By: Ryan Wynkoop, Investor Relations Manager
Latest reporting has shown inflation having recently dropped, but the housing market is one of the sectors that continues to remain elevated. With the housing market elevated, these higher than normal real estate prices often mean home ownership is unattainable for many Americans. This is because home prices are rising faster than wages in more than 90% of the nation, according to Ashcroft Capital’s Q2 2023 Real Estate Market Report. These rising housing prices suggest it’s a wise time to consider investing in the multifamily housing market.
In our Q2 2023 Real Estate Market Report, the company analyzes current multifamily housing trends, and highlights how you can best understand ways to maximize opportunities in the existing market. Additionally, this report forecasts what you can expect from multifamily construction and the investment opportunities through the rest of 2023. Read on to glean insight into the benefits of investing in multifamily real estate, current multifamily trends, and the current state of the multifamily housing market.
- 2023 anticipates a peak in new multifamily construction in many areas of the country.
- Fannie Mae anticipates that the national vacancy rate may rise to 6% in 2023.
- There is an influx of high-income individuals in the rental market due to higher home values.
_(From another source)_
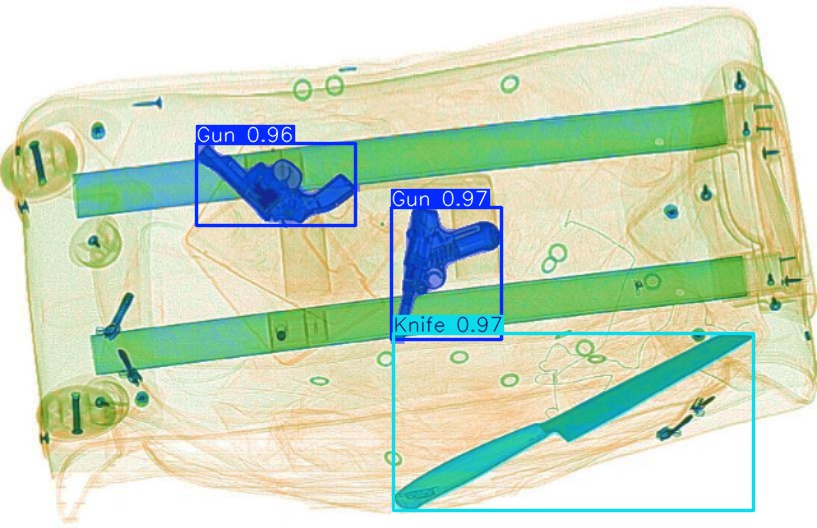 Detection preview by Segmentation_v8_large_300_train_300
Multifamily tenants with monthly incomes of up to $10,000 are choosing to rent in multifamily buildings.
- Capitalization (cap) rates slowly declined at the end of 2022 to 5%.
- Inflation remains top of mind for many Americans, and the Federal Reserve continues to raise federal funds rates to help lessen the impacts of inflation, though some predict that the Federal Reserve will stop raising funds in 2023.
- While mortgage rates have slightly decreased, homeownership is still unaffordable for many, as home prices are rising faster than wages in more than 90% of the nation.
- Despite inevitable challenges, Ashcroft Capital has a positive outlook for the multifamily market and investment opportunities in 2023.
- We maintain open communication with our network of owners and brokers and will continue to maintain transparency through investment memos for each new multifamily asset that goes under contract.
- With the country’s housing shortage, investing in multifamily real estate is considered a wise opportunity for new and existing investors.
Rental Growth and New Construction
This year anticipates a peak in new multifamily construction in many areas of the country. The multifamily construction industry expects to see 300,000 new multifamily units completed across the United States in 2023. This volume is expected to result in a record-high supply of available units. Because of this supply volume, Fannie Mae anticipates that the national vacancy rate may rise to 6%. ApartmentList.com explains that this quantity of apartment units under construction can help keep rental prices in check this year, amid a housing affordability crisis that is currently affecting single-family home ownership.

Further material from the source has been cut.